Velazquez, who was 17 when he first enrolled at Georgia State in 1998, dragged that 0.98 around like a ball-and-chain, but he had other things on his mind. Velazquez, like a lot of other kids, just had other ambitions, like film work, and his mind drifted off in classes as a 17-year-old.
So after he dropped out of Georgia State, Velazquez went to the New York Film Academy for a 10-week course in film study. Then he went to Los Angeles for six years, including two years in the Film Immersion Program and Feature Film Development Program. He also spent a year in South Korea teaching English and writing.
When he was 21, Velazquez sold the first of several screenplays he’s written. It was called “That Darn Bear” and you can still see it on various streaming services renamed as “Going Down.”
Since, Velazquez has sold a handful of screenplays and he’s still a screenwriter-for-hire.
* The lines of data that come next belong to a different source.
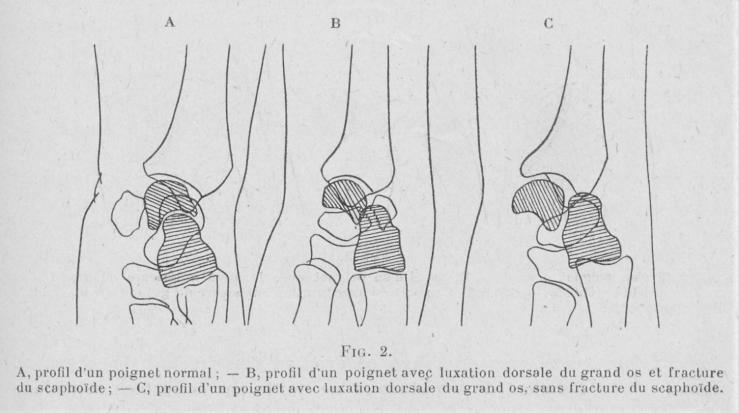 fig 2 poignet fig 2 poignet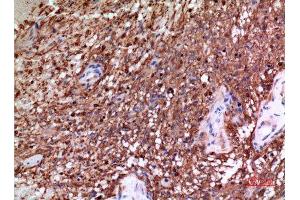 Immunohistochemistry (IHC) analysis of paraffin-embedded Human Brain, antibody was diluted at 1:100. (alpha Tubulin anticorps)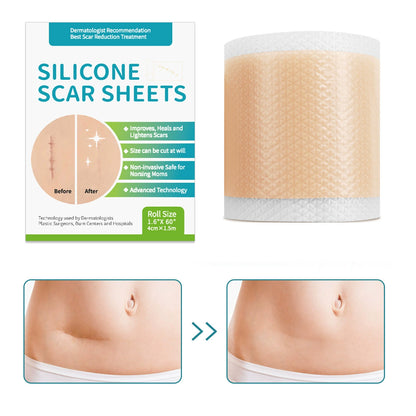 🎉Hot Sale 49% OFF🎉 - Professional Silicone Scar Sheets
He’s currently editing a film he wrote and directed titled “They Swim!” It’s a love story/musical/comedy about kids on holiday in north Georgia who come face to face with zombies — the undead inhabitants of the land under Lake Lanier before it was flooded by the Army Corps of Engineers.
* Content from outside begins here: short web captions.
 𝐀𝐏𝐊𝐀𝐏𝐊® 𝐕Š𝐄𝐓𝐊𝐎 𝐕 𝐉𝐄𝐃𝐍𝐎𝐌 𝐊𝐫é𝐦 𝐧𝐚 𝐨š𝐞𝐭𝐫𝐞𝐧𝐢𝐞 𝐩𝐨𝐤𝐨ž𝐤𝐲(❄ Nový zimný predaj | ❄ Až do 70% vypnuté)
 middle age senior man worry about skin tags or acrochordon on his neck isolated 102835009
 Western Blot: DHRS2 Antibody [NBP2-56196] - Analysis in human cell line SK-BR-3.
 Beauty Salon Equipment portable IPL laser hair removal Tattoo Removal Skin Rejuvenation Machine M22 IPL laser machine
Here is what Joey’s gap decade revealed to him. Film is a hobby, not a career. So he came back to Georgia State in 2013, basically to start over in college, with the goal of being a lawyer.
“I’m older, coming back with a different purpose and a different mindset,” said Velazquez, who will finish with a degree in the political science pre-law track. “You know, it did stick in my craw that I left on such bad terms. And I’ve done very well since I came back.”
His first lesson was this: when you leave college with an 0.98, guess what, it’s there waiting for you when you get back.
His second lesson is for other 17-year-old’s unsure of their future.
“Absolutely I would recommend a gap year,” he said.
When he returned, Velazquez took advantage of the Academic Renewal program where if you are gone seven years anything less than a ‘C’ the school will wipe from your transcript provided you replace that credit.
There have been all kinds of time warp moments. Dr. Michael Evans, a lecturer in the Political Science Department, mock trial adviser and the teacher Velazquez is closest with, is only four years older than him. Velazquez walks by classrooms where he earned every bit of an ‘F.’ But those bumps from 17 years ago never throw him off.
“I’m back in Kell (Hall) taking astronomy again, a class I failed,” he said. “This is actually a really fun class.”
What is that famous line from the movies? “You may try and forget the past, but the past does not forget you.” Velazquez skirts right by the distressed academic past and immerses himself in the new fun.
For him, Georgia State is a get down, get dirty kind of place where intellect meets grit and you combine the two and get somebody ready for the outside world. Velazquez just had it inside out for 13 years. He did outside world first and then came back for the polish.
Velazquez has even more motivation to get to law school and become a lawyer. His grandmother was a year away from a law degree in Cuba when Fidel Castro came to power. She fled the country and never became a lawyer.
In 2015, he studied abroad in Cuba, the first time a member of his family had been there in almost 50 years.
“Like I said, I owe this place a lot,” said Velazquez, who is fluent in Spanish. “It’s all there if you look for it. You have to go after it. There is so much stuff going on on this campus, but you don’t know it. You walk right by a building and go ‘Oh, we own this building.’
“You have to seek it out. This place gives you every opportunity to fix yourself.”